EU warned two key 'bottlenecks' to threaten Commission plans to rival China's influence

European Union foreign ministers have clubbed together to agree on an infrastructure investment project to rival China’s Belt and Road Initiative. Beijing has been steadily expanding its influence through a series of strategic investments in global transport hubs and ports since 2013. In a bid to counter China’s growing relevance to European supply chains EU leaders have announced their own strategy called “Globally Connected Europe.”

The EU’s Foreign Affairs chief Josep Borrell stressed the bloc’s ambitions were to boost connectivity between Europe, the Middle East, and Asia.

“It has a broader purpose to put connectivity at the center of our external policy,” he said.

“We started to do this two years ago with our agreement with Japan.

“But it seems that today is much more important for us to look at the connectivity problems with the broader Middle East and looking forward to Central Asia and China, but not with the same approach and the same purposes that China has with the Belt and Road initiative.”

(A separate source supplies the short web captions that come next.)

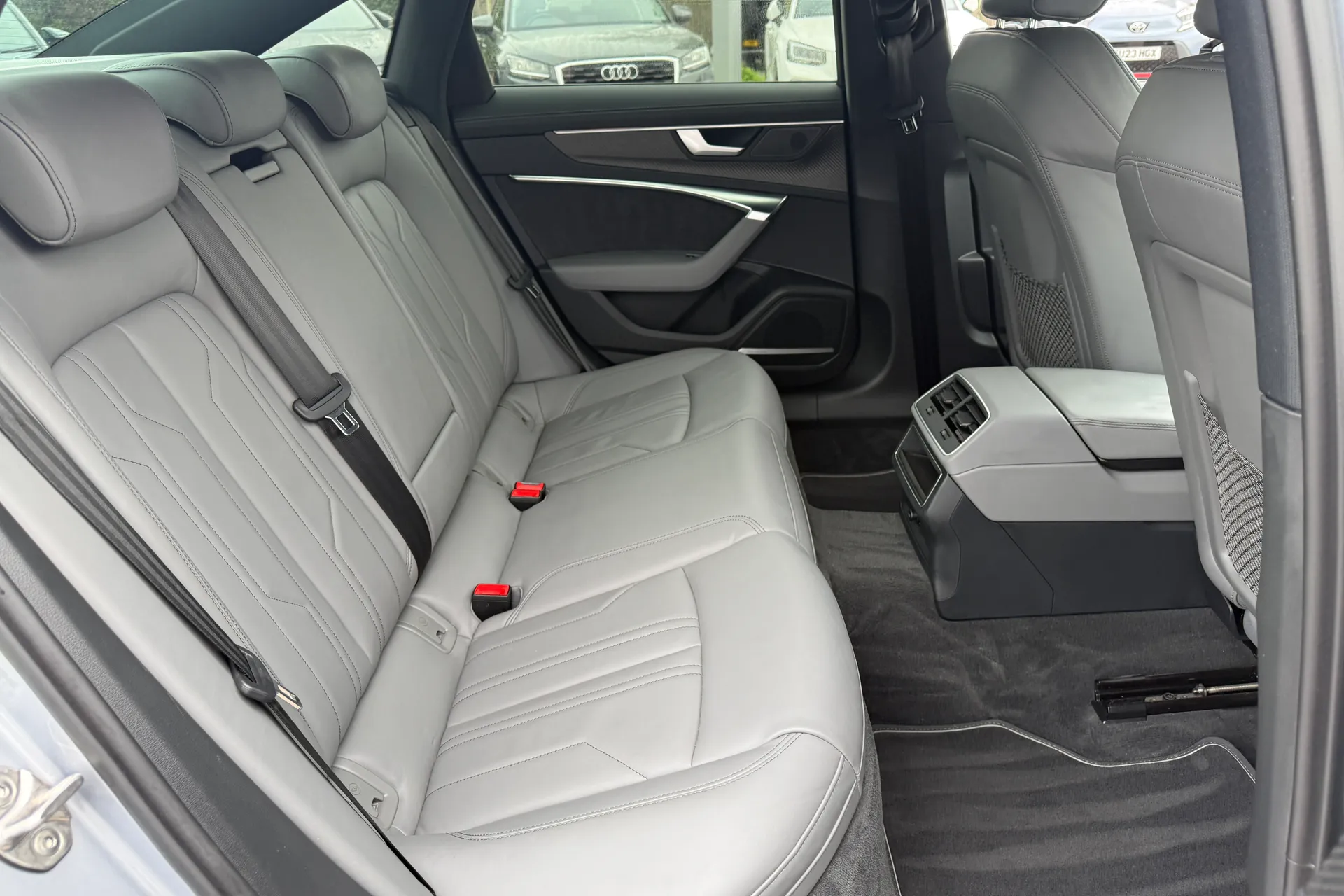 Audi A6 Saloon thumbnail image number 48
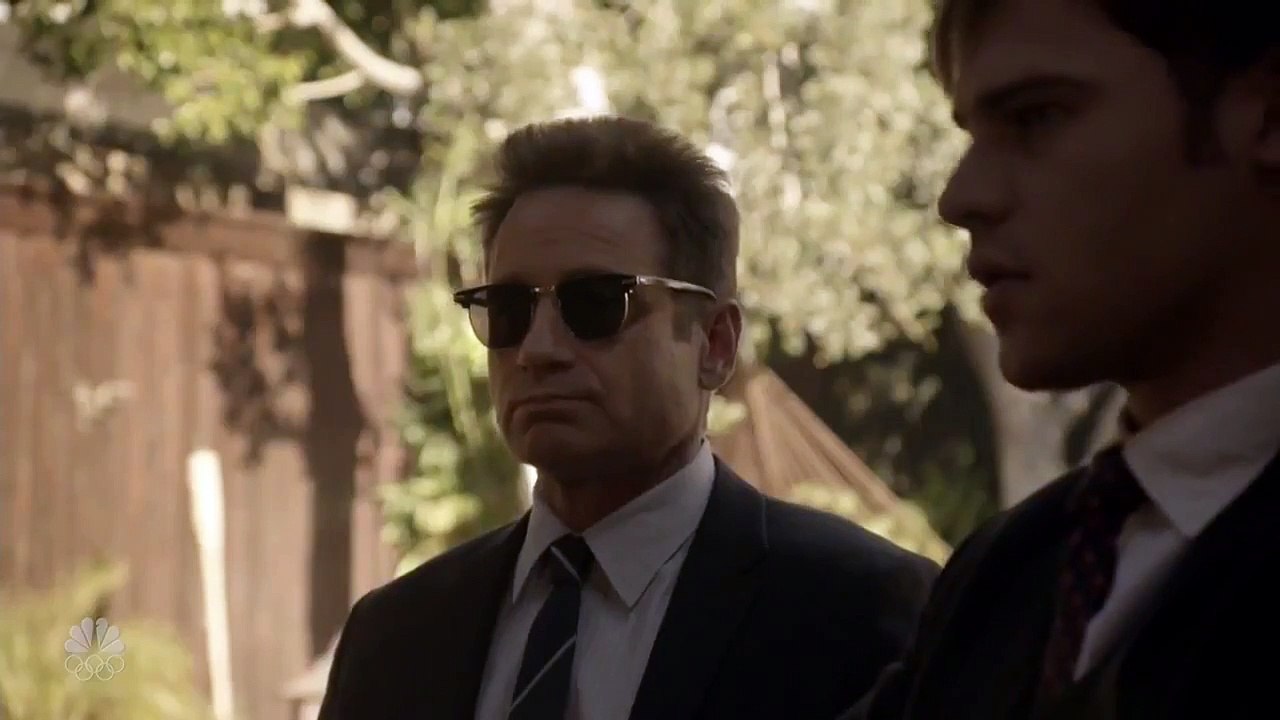 Aquarius - Se2 - Ep05 - Everybody's Got Something to Hide Except Me and My Monkey HD Watch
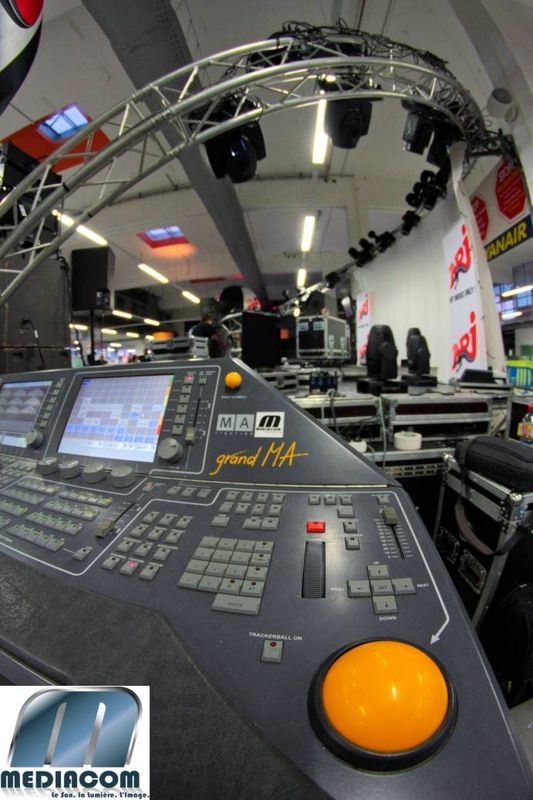 Concert NRJ EXTRAVADANCE avec Joachim GARRAUD à l'aéroport MP2 Marseille Provence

However, a researcher at the Bruegel think-tank has stressed that Europe must diversify trade flows in order to avoid being overly dependent on links with China.

Alicia García-Herrero told Euronews: “Importing, for example, 90 percent of a critical product through a port that belongs to China and suddenly trying for whatever reason to argue against whatever with China.

“Then you have two potential bottlenecks: your imports and your ports.” 

It comes as G7 leaders signed up to a broader plan to counter Beijing’s influence through the “Build Back Better World” project.

It comes as Angela Merkel and Emmanuel Macron suffered a humiliating slapdown over their failure to stand up to China.

“Chinese tech giant Tencent’s WeChat social media platform has deleted dozens of LGBT+ accounts run by university students, saying some had broken rules on information on the Internet, sparking fear of a crackdown on gay content online.”

Macron, Merkel, and Xi Jinping had hosted a summit earlier week to discuss EU-China relations.

“They also discussed international trade, climate protection, and biodiversity,” said the German Chancellor’s office in a statement.

“The conversation also revolved around cooperation in the fight against the COVID-19 pandemic, global vaccine supply, and international and regional issues.”